- [What to work on]
Whatever lines the data contains, output all of them unchanged.

----- Record set -----

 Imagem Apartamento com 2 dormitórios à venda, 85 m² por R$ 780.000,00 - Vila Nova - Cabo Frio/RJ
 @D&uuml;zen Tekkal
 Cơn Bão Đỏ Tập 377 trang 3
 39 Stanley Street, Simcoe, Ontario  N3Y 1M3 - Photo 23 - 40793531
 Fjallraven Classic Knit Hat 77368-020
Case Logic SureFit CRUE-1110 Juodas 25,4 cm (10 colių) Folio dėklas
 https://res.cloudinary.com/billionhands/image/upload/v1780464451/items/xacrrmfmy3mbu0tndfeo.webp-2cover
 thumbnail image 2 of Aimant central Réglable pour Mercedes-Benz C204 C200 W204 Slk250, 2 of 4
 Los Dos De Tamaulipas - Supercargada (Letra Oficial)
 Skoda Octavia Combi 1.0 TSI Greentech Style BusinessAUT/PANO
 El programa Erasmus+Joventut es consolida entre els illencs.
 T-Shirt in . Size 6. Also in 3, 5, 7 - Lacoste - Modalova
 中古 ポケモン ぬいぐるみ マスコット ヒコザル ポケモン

-----

- [Result of the task]
 Imagem Apartamento com 2 dormitórios à venda, 85 m² por R$ 780.000,00 - Vila Nova - Cabo Frio/RJ
 @D&uuml;zen Tekkal
 Cơn Bão Đỏ Tập 377 trang 3
 39 Stanley Street, Simcoe, Ontario  N3Y 1M3 - Photo 23 - 40793531
 Fjallraven Classic Knit Hat 77368-020
Case Logic SureFit CRUE-1110 Juodas 25,4 cm (10 colių) Folio dėklas
 https://res.cloudinary.com/billionhands/image/upload/v1780464451/items/xacrrmfmy3mbu0tndfeo.webp-2cover
 thumbnail image 2 of Aimant central Réglable pour Mercedes-Benz C204 C200 W204 Slk250, 2 of 4
 Los Dos De Tamaulipas - Supercargada (Letra Oficial)
 Skoda Octavia Combi 1.0 TSI Greentech Style BusinessAUT/PANO
 El programa Erasmus+Joventut es consolida entre els illencs.
 T-Shirt in . Size 6. Also in 3, 5, 7 - Lacoste - Modalova
 中古 ポケモン ぬいぐるみ マスコット ヒコザル ポケモン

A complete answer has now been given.